CPU Job Statistics

Slurm has to be configured to track job accounting data via the cgroup plug-in. This requires the following line in slurm.conf:

JobAcctGatherType=jobacct_gather/cgroup

The above is in addition to the other usual cgroup-related plug-ins/settings:

ProctrackType=proctrack/cgroup
TaskPlugin=affinity,cgroup

Slurm will then create two top-level cgroup directories for each job, one for CPU utilization and one for CPU memory. Within each directory there will be subdirectories: step_extern, step_batch, step_0, step_1, and so on. Within these directories one finds task_0, task_1, and so on. These cgroups are scraped by a cgroup exporter. The table below lists all of the collected fields:

Name	Description	Type
`cgroup_cpu_system_seconds`	Cumulative CPU system seconds for jobid	gauge
`cgroup_cpu_total_seconds`	Cumulative CPU total seconds for jobid	gauge
`cgroup_cpu_user_seconds`	Cumulative CPU user seconds for jobid	gauge
`cgroup_cpus`	Number of CPUs in the jobid	gauge
`cgroup_memory_cache_bytes`	Memory cache used in bytes	gauge
`cgroup_memory_fail_count`	Memory fail count	gauge
`cgroup_memory_rss_bytes`	Memory RSS used in bytes	gauge
`cgroup_memory_total_bytes`	Memory total given to jobid in bytes	gauge
`cgroup_memory_used_bytes`	Memory used in bytes	gauge
`cgroup_memsw_fail_count`	Swap fail count	gauge
`cgroup_memsw_total_bytes`	Swap total given to jobid in bytes	gauge
`cgroup_memsw_used_bytes`	Swap used in bytes	gauge
`cgroup_uid`	UID number of user running this job	gauge

The cgroup exporter used here is based on the exporter by Trey Dock [1] with additional parsing of the jobid, steps, tasks and UID number. This produces an output that resembles (e.g., for system seconds):

cgroup_cpu_system_seconds{jobid="247463", step="batch", task="0"}
160.92

Note that the UID of the owning user is stored as a gauge in cgroup_uid:

cgroup_uid{jobid="247463"}
334987

This is because accounting is job-oriented and having a UID of the user as a label would needlessly increase the cardinality of the data in Prometheus. All other fields are alike with jobid, step and task labels.

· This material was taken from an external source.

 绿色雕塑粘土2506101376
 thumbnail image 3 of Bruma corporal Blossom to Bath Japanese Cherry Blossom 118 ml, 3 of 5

The totals for a job have an empty step and task, for example:

cgroup_cpu_user_seconds{jobid="247463", step="", task=""}
202435.71

This is due to the organization of the cgroup hierarchy. Consider the directory:

/sys/fs/cgroup/cpu,cpuacct/slurm/uid_334987

Within this directory, one finds the following subdirectories:

job_247463/cpuacct.usage_user
job_247463/step_extern/cpuacct.usage_user
job_247463/step_extern/task_0/cpuacct.usage_user

This is the data most often retrieved and parsed for overall job efficiency which is why by default the cgroup_exporter does not parse step or task data. To collect all of it, add the --collect.fullslurm option. We run the cgroup_exporter with these options:

/usr/sbin/cgroup_exporter --config.paths /slurm --collect.fullslurm

The --config.paths /slurm has to match the path used by Slurm under the top cgroup directory. This is usually a path that is something like /sys/fs/cgroup/memory/slurm.